Requirement →
Go through the entries below and print, exactly, the lines starting at the one with "Clique para aumentar" and ending at the one with "Ai For Work Wealth Management", keeping both ends and no others.

The records →
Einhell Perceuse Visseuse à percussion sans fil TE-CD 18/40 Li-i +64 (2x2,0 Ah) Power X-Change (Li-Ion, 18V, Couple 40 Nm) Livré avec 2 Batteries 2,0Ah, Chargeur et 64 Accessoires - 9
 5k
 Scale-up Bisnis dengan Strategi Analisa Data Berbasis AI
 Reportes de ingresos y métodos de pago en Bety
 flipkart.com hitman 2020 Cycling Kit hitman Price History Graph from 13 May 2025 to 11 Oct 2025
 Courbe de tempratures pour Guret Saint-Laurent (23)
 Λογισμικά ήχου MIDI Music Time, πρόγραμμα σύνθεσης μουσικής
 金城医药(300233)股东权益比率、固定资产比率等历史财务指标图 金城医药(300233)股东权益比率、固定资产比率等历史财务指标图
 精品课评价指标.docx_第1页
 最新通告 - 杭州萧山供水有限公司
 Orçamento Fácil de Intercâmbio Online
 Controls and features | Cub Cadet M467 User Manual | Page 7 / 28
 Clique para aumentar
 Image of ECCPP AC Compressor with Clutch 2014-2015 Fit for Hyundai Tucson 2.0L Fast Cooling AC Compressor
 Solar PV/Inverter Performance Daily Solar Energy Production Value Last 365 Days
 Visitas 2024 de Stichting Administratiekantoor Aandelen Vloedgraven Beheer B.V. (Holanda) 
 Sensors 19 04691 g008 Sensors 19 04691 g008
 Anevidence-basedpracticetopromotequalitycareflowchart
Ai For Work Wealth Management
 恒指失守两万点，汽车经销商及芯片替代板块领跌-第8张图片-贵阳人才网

Written solution →
 Clique para aumentar
 Image of ECCPP AC Compressor with Clutch 2014-2015 Fit for Hyundai Tucson 2.0L Fast Cooling AC Compressor
 Solar PV/Inverter Performance Daily Solar Energy Production Value Last 365 Days
 Visitas 2024 de Stichting Administratiekantoor Aandelen Vloedgraven Beheer B.V. (Holanda) 
 Sensors 19 04691 g008 Sensors 19 04691 g008
 Anevidence-basedpracticetopromotequalitycareflowchart
Ai For Work Wealth Management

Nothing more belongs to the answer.